Post by Fuzzy Necromancer »

https://www.vox.com/policy-and-politics ... mic-crisis
We don’t know yet if Mueller has the goods — documentary or testimonial proof of explicit collusion — or if he can get them, so we have no idea how this is ultimately going to play out.

But we are disturbingly close to the following scenario:

Say Mueller reveals hard proof that the Trump campaign knowingly colluded with Russia, strategically using leaked emails to hurt Clinton’s campaign. Say the president — backed by the Wall Street Journal editorial page, Fox News, Breitbart, most of the US Cabinet, half the panelists on CNN, most of the radio talk show hosts in the country, and an enormous network of Russian-paid hackers and volunteer shitposters working through social media — rejects the evidence.

They might say Mueller is compromised. It’s a Hillary/Deep State plot. There’s nothing wrong with colluding with Russia in this particular way. Dems did it first. All of the above. Whatever.

Say the entire right-wing media machine kicks to life and dismisses the whole thing as a scam — and conservatives believe them. The conservative base remains committed to Trump, politicians remain scared to cross the base, and US politics remains stuck in partisan paralysis, unable to act on what Mueller discovers.

In short, what if Mueller proves the case and it’s not enough? What if there is no longer any evidentiary standard that could overcome the influence of right-wing media?…

Epistemology is the branch of philosophy having to do with how we know things and what it means for something to be true or false, accurate or inaccurate. (Episteme, or ἐπιστήμη, is ancient Greek for knowledge/science/understanding.)

The US is experiencing a deep epistemic breach, a split not just in what we value or want, but in who we trust, how we come to know things, and what we believe we know — what we believe exists, is true, has happened and is happening.

The primary source of this breach, to make a long story short, is the US conservative movement’s rejection of the mainstream institutions devoted to gathering and disseminating knowledge (journalism, science, the academy) — the ones society has appointed as referees in matters of factual dispute.

In their place, the right has created its own parallel set of institutions, most notably its own media ecosystem.

But the right’s institutions are not of the same kind as the ones they seek to displace. Mainstream scientists and journalists see themselves as beholden to values and standards that transcend party or faction. They try to separate truth from tribal interests and have developed various guild rules and procedures to help do that.
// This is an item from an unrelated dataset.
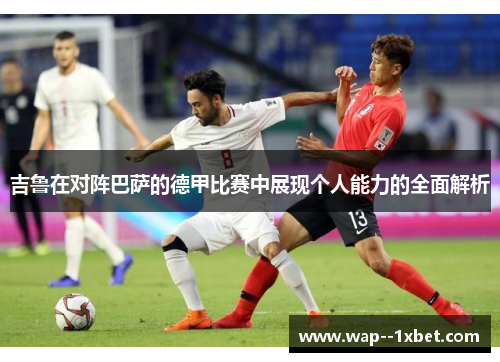 吉鲁在对阵巴萨的德甲比赛中展现个人能力的全面解析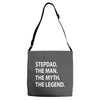 stepdad the man the myth the legend Adjustable Strap Totes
They see themselves as neutral arbiters, even if they do not always uphold that ideal in practice.

The pretense for the conservative revolution was that mainstream institutions had failed in their role as neutral arbiters — that they had been taken over by the left, become agents of the left in referee’s clothing, as it were.

But the right did not want better neutral arbiters. The institutions it built scarcely made any pretense of transcending faction; they are of and for the right. There is nominal separation of conservative media from conservative politicians, think tanks, and lobbyists, but in practice, they are all part of the conservative movement. They are prosecuting its interests; that is the ur-goal.

Indeed, the far right rejects the very idea of neutral, binding arbiters; there is only Us and Them, only a zero-sum contest for resources. That mindset leads to what I call “tribal epistemology” — the systematic conflation of what is true with what is good for the tribe.

There’s always been a conspiratorial and xenophobic fringe on the right, but it was (fitfully) held in place by gatekeepers through the early decades of America’s post-war prosperity. The explosion of right-wing media in the 1990s and 2000s swept those gatekeepers away, giving the loudest voice, the most exposure, and the most power to the most extreme elements on the right. The right-wing media ecosystem became a bubble from which fewer and fewer inhabitants ever ventured.

As the massive post-election study of online media from Harvard (which got far too little attention) showed, media is not symmetrical any more than broader polarization is. “Prominent media on the left are well distributed across the center, center-left, and left,” the researchers found. “On the right, prominent media are highly partisan.”

When mapping out sources of online news, researchers found that the two basic poles were the center-left and the far-right.

The center of gravity of the overall landscape is the center-left. Partisan media sources on the left are integrated into this landscape and are of lesser importance than the major media outlets of the center-left. The center of attention and influence for conservative media is on the far right. The center-right is of minor importance and is the least represented portion of the media spectrum.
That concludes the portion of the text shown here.